Hi Timothy,
I think you've summed it up quite well, when you said "The dilema is in
managing sources and eventually linking many of those individuals to my
family tree. As I would want to document the sources for all individuals
entered, it seems that managing sources in different databases could be
cumbersome when it comes time to move individuals (and their linked
families) to my family tree database along with their sources."
If you keep it all in one file, then everything is at hand when you need
it, and things like sources are kept uniform.
I have done this for my PLAYFORTH family who once lived in the village
of Market Weighton, Yorkshire, England. When I had access to the census
images, I grabbed every mention of the name in the area. Many I didn't
know at that stage how they fitted into the family, but I recorded them
anyway in my database - there is a lot of information in census records
to help you link people together from one census to the next, as well as
putting family groups together. As time has gone on, I've found other
information and made contact with the descendants of those people, and
have slowly connected the lines up to my own tree.

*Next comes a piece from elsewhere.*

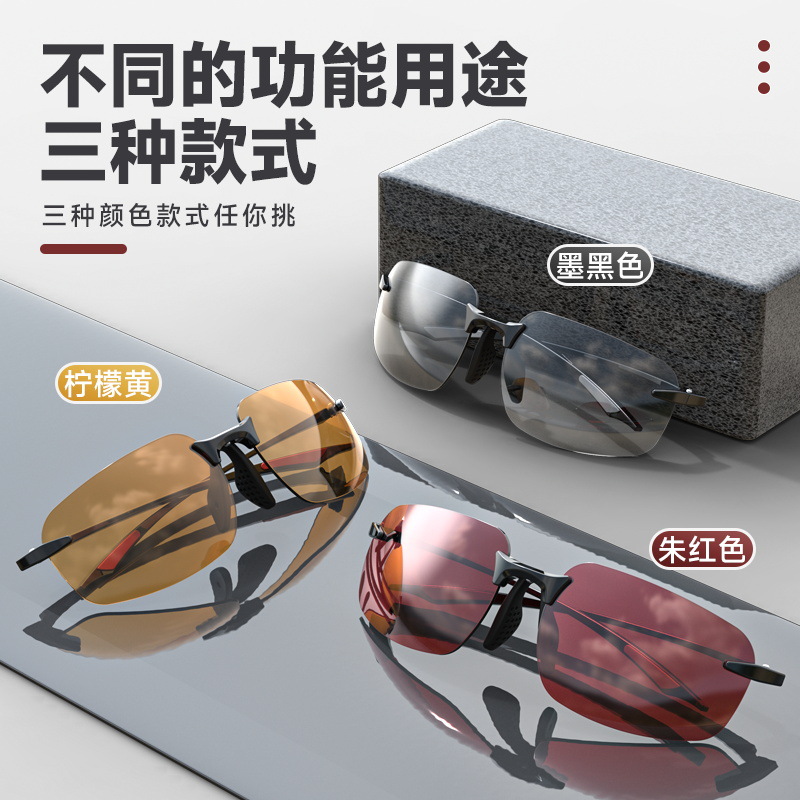 Camper's polarizing glasses fishing glasses ultra-light and clear looking drift special night fishing brightening day and night color changing sunglasses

I've also made transcriptions of things like every SCHLAGER and BREE
entry in the New Zealand birth, marriage and death indexes. These names
aren't so common that the task was onerous, but the resulting files are
very useful when new names are discovered in other places. With these
names I haven't added every one to my Legacy database, but I expect that
one day a good number of the ones that aren't currently there will be,
when I find out how they're connected.
You also said "On the other side, managing hugely numerous unlinked
individuals in one database seems like it could become overwhelming."
Not really, because the names are not in your line of sight unless you
go looking for them. Like all the other names in your family tree, they
sit there patiently until you have a need to go looking for them. It
doesn't matter much that they're unconnected to your own line, because
when you need them they are quickly located using the Name List.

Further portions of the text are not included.